[Source material]

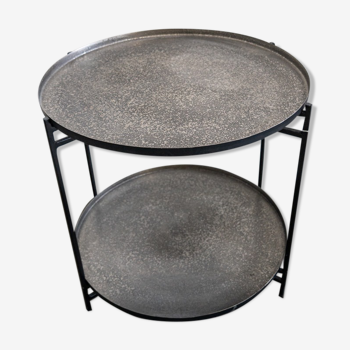 Steel round table with 2 trays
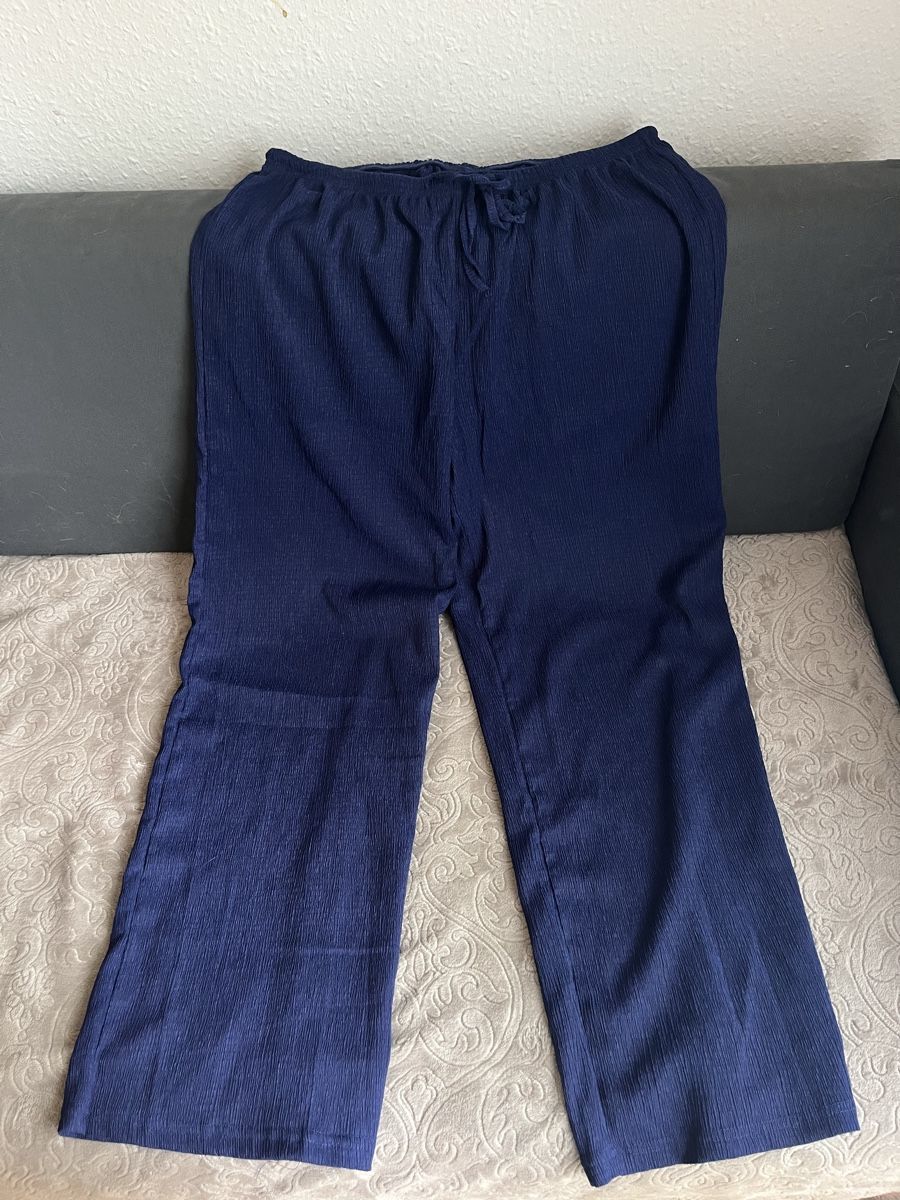 Hosen: Pantalon bleu  – Neu und originalverpackt aus Genève von soraia.simao 1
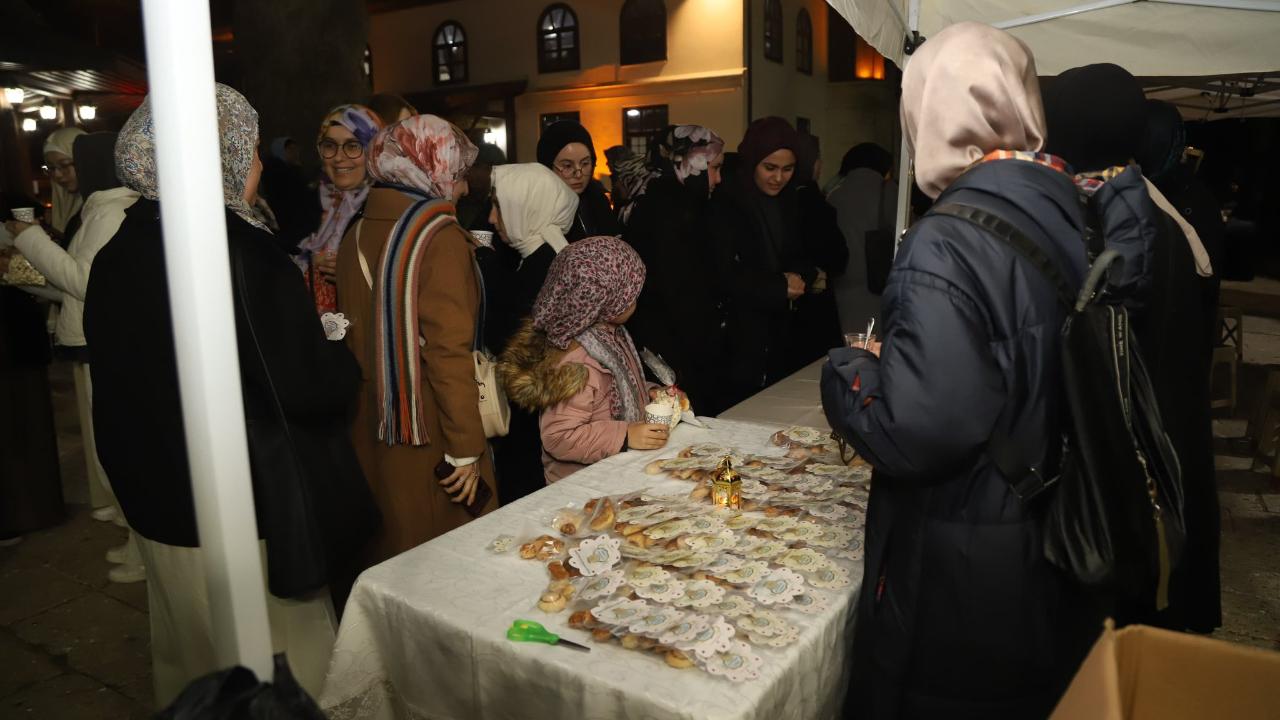 GENÇLER RAMAZANIN BEREKETİNDE BULUŞTU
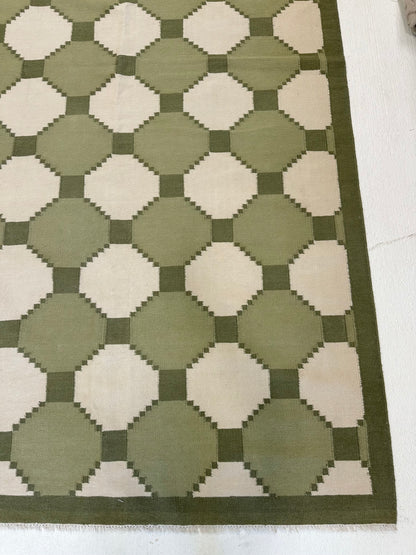Caroline wool flatweave rug in a traditional and transitional design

[Action item]
Ignoring the pictures, write out word for word the lines from the line containing "Hosen: Pantalon bleu" through the end of the material above.

[Answer box]
 Hosen: Pantalon bleu  – Neu und originalverpackt aus Genève von soraia.simao 1
 GENÇLER RAMAZANIN BEREKETİNDE BULUŞTU
Caroline wool flatweave rug in a traditional and transitional design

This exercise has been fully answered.